Encyclopedia of Global Religion
Title | Encyclopedia of Global Religion PDF eBook |
Author | Mark Juergensmeyer |
Publisher | SAGE |
Pages | 1529 |
Release | 2012 |
Genre | Computers |
ISBN | 0761927298 |
Presents entries A to L of a two-volume encyclopedia discussing religion around the globe, including biographies, concepts and theories, places, social issues, movements, texts, and traditions.
Word Made Global
Title | Word Made Global PDF eBook |
Author | Mark R. Gornik |
Publisher | Wm. B. Eerdmans Publishing |
Pages | 362 |
Release | 2011-07-22 |
Genre | Religion |
ISBN | 0802864481 |
A groundbreaking work of ethnography, urban studies, and theology, Mark Gornik's Word Made Global explores the recent development of African Christianity in New York City. Drawing especially on ten years of intensive research into three very different African immigrant churches, Gornik sheds light on the pastoral, spiritual, and missional dynamics of this exciting global, transnational Christian movement.

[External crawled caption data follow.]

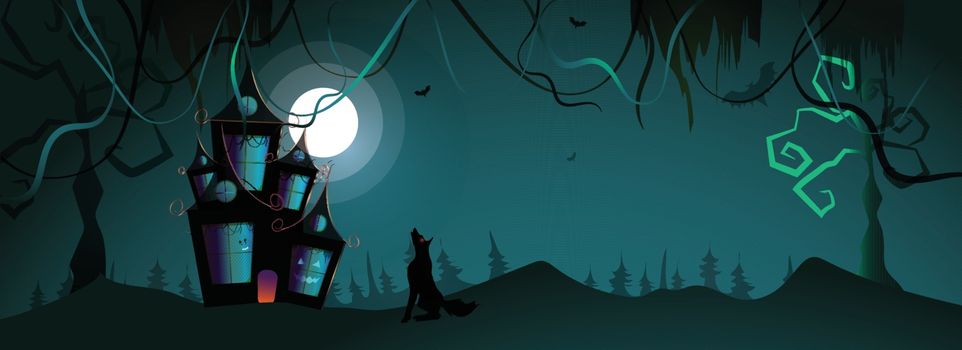 Dark, Full Moon Night header or banner design with hunted home a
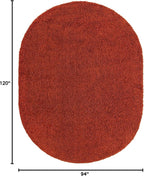 Unique Loom Solid Shag Collection Area Rug (7' 10" x 10' Oval, Terracotta)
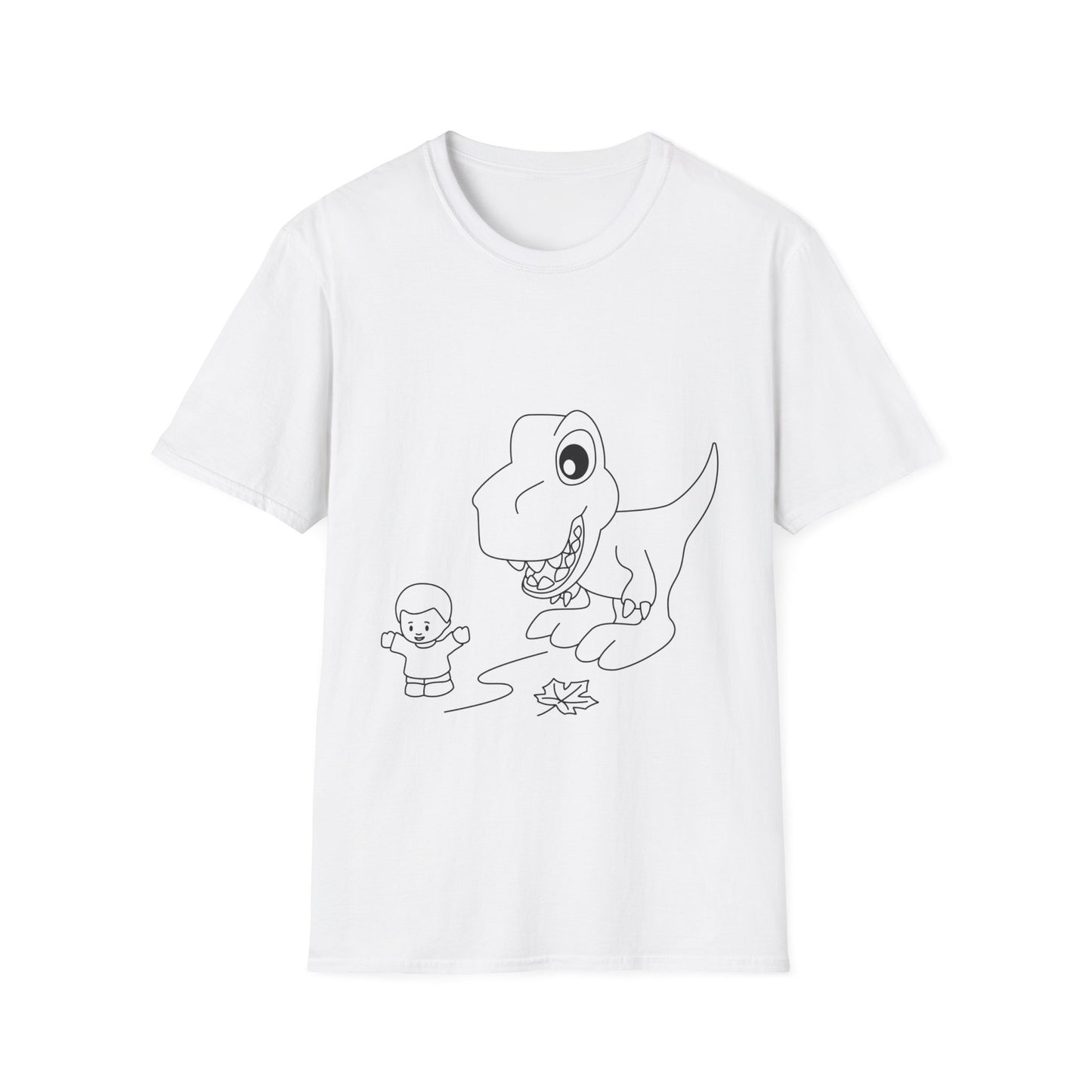 Unisex Softstyle T-Shirt - Dino Chasing Little People - CutieQ Shop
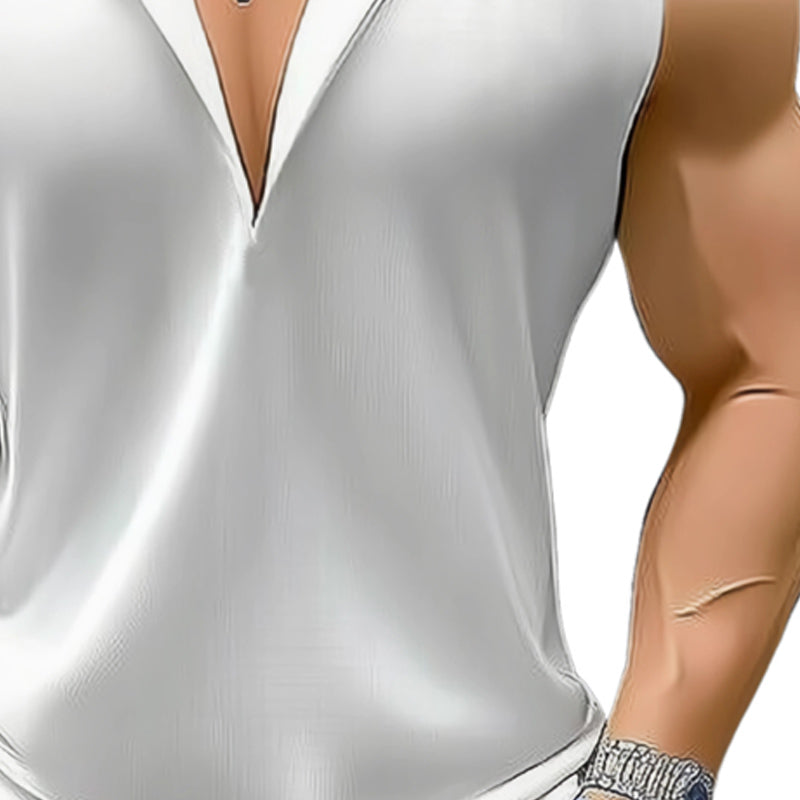 Heren Zomer Basis Revers Gebreide Tanktop MTA0923E0U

Gods in the Global Village
Title | Gods in the Global Village PDF eBook |
Author | Lester R. Kurtz |
Publisher | SAGE Publications |
Pages | 417 |
Release | 2015-04-01 |
Genre | Social Science |
ISBN | 1483386457 |
In a world plagued by religious conflict, how can the various religious and secular traditions coexist peacefully on the planet? And, what role does sociology play in helping us understand the state of religious life in a globalizing world? In the Fourth Edition ofGods in the Global Village, author Lester Kurtz continues to address these questions. This text is an engaging, thought-provoking examination of the relationships among the major faith traditions that inform the thinking and ethical standards of most people in the emerging global social order. Thoroughly updated to reflect recent events, the book discusses the role of religion in our daily lives and global politics, and the ways in which religion is both an agent of, and barrier to, social change.